PROBLEM TO WORK ON:
Within the entries below, output exactly the lines between the line containing "May include: A" and the line containing "a kitchen and", inclusive, and omit any picture.

RECORDS SUPPLIED:
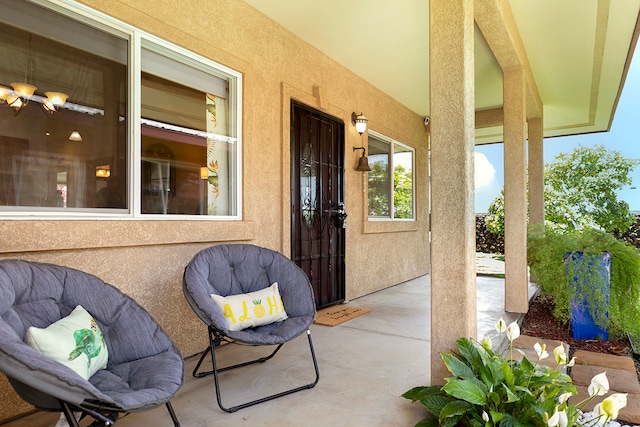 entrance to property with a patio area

...

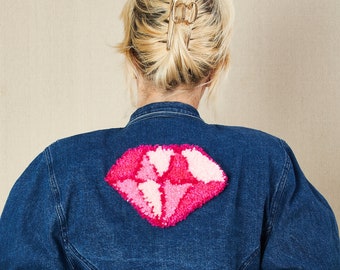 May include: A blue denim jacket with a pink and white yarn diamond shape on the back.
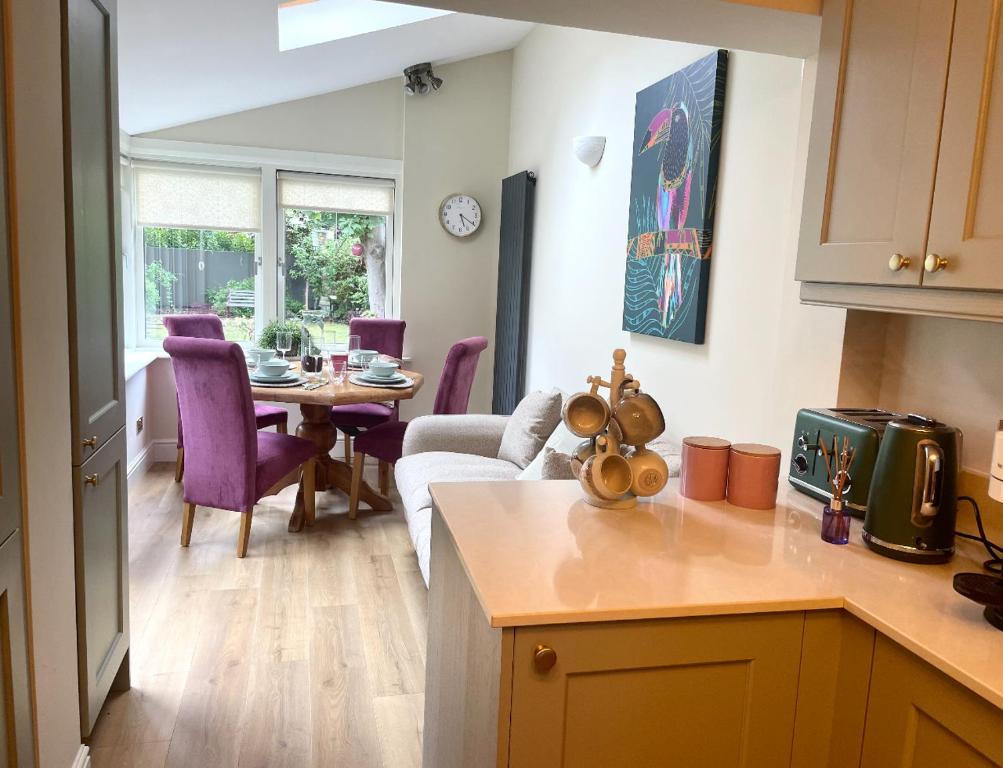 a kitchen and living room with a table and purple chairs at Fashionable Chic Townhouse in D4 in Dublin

ANSWER BELOW:
 May include: A blue denim jacket with a pink and white yarn diamond shape on the back.
 a kitchen and living room with a table and purple chairs at Fashionable Chic Townhouse in D4 in Dublin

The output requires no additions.